Many women worked there too - some double shifts. My sister drove a truck at Fort Lewis.
We raised all the vegetables we needed in our Victory gardens. Everyone had one then. Even small ones. We raised radishes, lettuce, carrots, well, just about everything. I don't remember why we called them Victory Gardens, but we did.
We recycled and reused all that we could. We didn't call it "recycling for the environment." It was just the way of life. You couldn't just replace things like you can now. Food was rationed. We bought the staples we needed using our War Ration Stamps.
I think red stamps were for butter, blue stamps...well I just don't remember exactly. We were rationed for sugar, butter, meat, clothes, shoes, gas. It was hard to make it all stretch for a family.
You were issued stamps depending on the number of children you had, or how large your family was. But it was still difficult.
My husband, Ernie, was a Block Warden. Lots of men were. They wore hard hats and carried around flash-lights at night when we had "blackouts" to make sure that everything was dark.
We turned out the lights and covered all windows with black blankets during the blackouts. We sat around the radio and listened to President Roosevelt talk about the war effort.
We didn't have television back then of course. We kept the radio on almost all the time to hear any news.
The "Rosie the Riveter" song was popular. Women were doing so many of the jobs the men used to do. We didn't complain a lot. You take the bitter with the sweet.

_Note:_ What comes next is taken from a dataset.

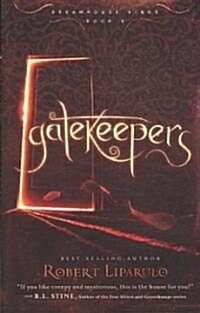 Gatekeepers (Paperback)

We tried to do activities that kept life normal, especially for the children. They went to Sunday School. The children bought war stamps in school for five to ten cents. We went to town on the bus.
There weren't nylon stockings anymore, so I took my silk stockings in to have them re-woven, sort of patched. I bought my son a little soldier suit to wear.
While we were in town, we'd go to the movie theater to watch the news reels of the war -- all about the Japanese. My brother was fighting in the war. Once, when we were at the movies, watching the news reels of our prisoners of war, I saw my brother, Leonard, walking in the line with all the skinny, emaciated men.
He was part of the terrible Bataan Death March. The enemy marched thousands of our starving soldiers from one camp to another. We lost many of our boys and men in that march, but my brother survived.
It's hard to imagine seeing your own brother on a news reel like that. We later learned that while Leonard was in his first concentration camp, he drew pictures and caricatures on any scraps of paper he could find.
The backs of tin can wrappers, the insides of old cigarette packs. The sketches depicted life and hardships in the camps. When the Japanese soldiers came to send my brother and the other prisoners on the march, my brother buried them.
These sketches and caricatures have since been on displays and showings.
Everyone worked hard during the war years. We all really sacrificed for the war effort. You had to. You wanted to. America was very patriotic then. I think it is again now. That's good.